TBMM Genel Kurulunda bütçe görüşmeleri devam ediyor. Hükümet adına Başbakan Yardımcısı Mehmet Şimşek ve Adalet Bakanı Bekir Bozdağ konuştu. Şimşek, bütçelerini halkın talebine göre belirlediklerini belirterek, mali disiplinden taviz vermediklerini söyledi. Şimşek, kamu yatırımlarındaki artışa dikkat çekerek, “2017 yılı bütçemiz yatırım bütçesidir. Geçen yıla göre yatırımlara ayrılan ödenekleri enflasyondan üç kat fazla arttırıyoruz. Böylece yatırımlarımız reel olarak artıyor, Türkiye ekonomisine can katıyoruz. Biliyorsunuz ki daha çok yatırım daha çok üretim demek, daha çok üretim demek daha çok istihdam demek. İnsan kaynağının en önemli sermayemiz olduğu bilinciyle yine en büyük payı eğitime ayırdık. 2017 yılında bütçemizin yaklaşık beşte birini eğitime ayırıyoruz. Böylece merkezi yönetim bütçesinden eğitime ayırdığımız kaynağı, milli gelirin bir oranı olarak OECD ortalamalarına çıkarmış oluyoruz. Sağlığa ayırdığımız bütçeyi arttırıyoruz, 111 milyara yükseltiyoruz. Böylece bütçemizin üçte birinden fazlasını eğitim ve sağlığa ayırmış oluyoruz. İnsan merkezli bütçe böyle olur” ifadelerini kullandı.

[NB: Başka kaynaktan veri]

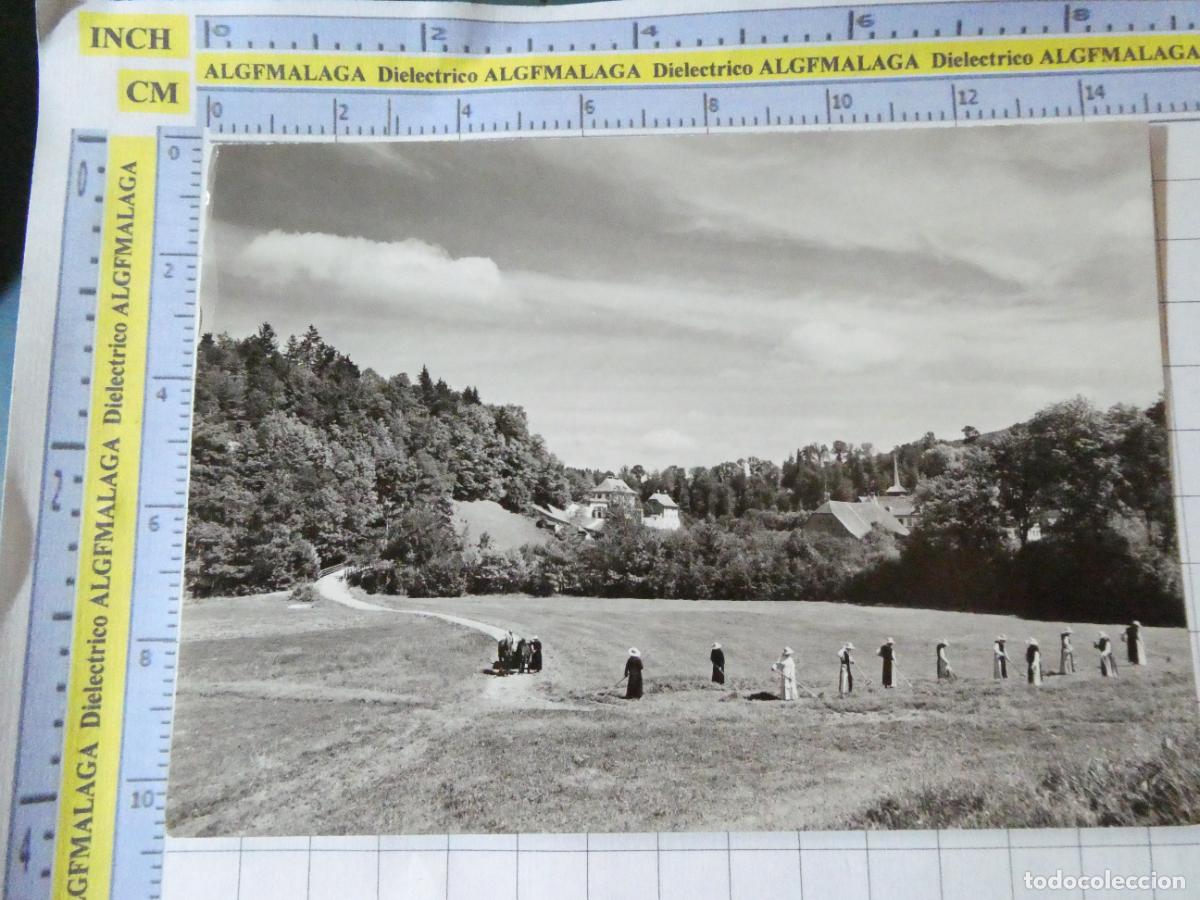 Cartoline: ANTIGUA POSTAL DE SUIZA. FRIBURGO FRIBOURG ABAD&Iacute;A HAUTERIVE. 1667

2017 bütçesinin kamu yatırımları ve reel ekonomiye sağlayacağı imkan ve desteklerle üretimi, ihracatı ve istihdamı arttırmayı amaçladığını söyleyen Şimşek, “14 yıldır faiz ödemelerine ayrılan kaynağı sürekli şekilde aşağı çektik. Topladığımız vergileri faiz ödemelerinde kullanmak yerine milletimizin hizmetine sunduk. 2002 yılında bütçe giderlerinin yüzde 43'ü faiz harcamalarına gidiyordu. 2017 yılında bu oran yüzde 9'un altına inecek. Eskiden her 100 liralık verginin 86 lirası faize giderken, 2017 yılında sadece 11 lirası faiz harcamalarına gitmiş olacak. Kalan kısmını eğitime, sağlığa, yatırıma, tarıma, sosyal yardıma, kısaca halkımızın refahına harcıyoruz. Bütçe disiplini sayesinde bir yandan insanımıza daha fazla hizmet götürürken, bir yandan da kamu borcunu endişe kaynağı olmaktan çıkarttık. Avrupa Birliği tanımlı borç stokunun milli gelire oranı bu yılın sonunda muhtemelen yüzde 32.8'e düşmüş olacak. Bu oran OECD ortalamalarının üçte birinden az, Maastricht Kriterleri’nin yarısı kadardır. Hatta bu konuda Avrupa Birliği 25 ülkesinden daha iyiyiz” dedi.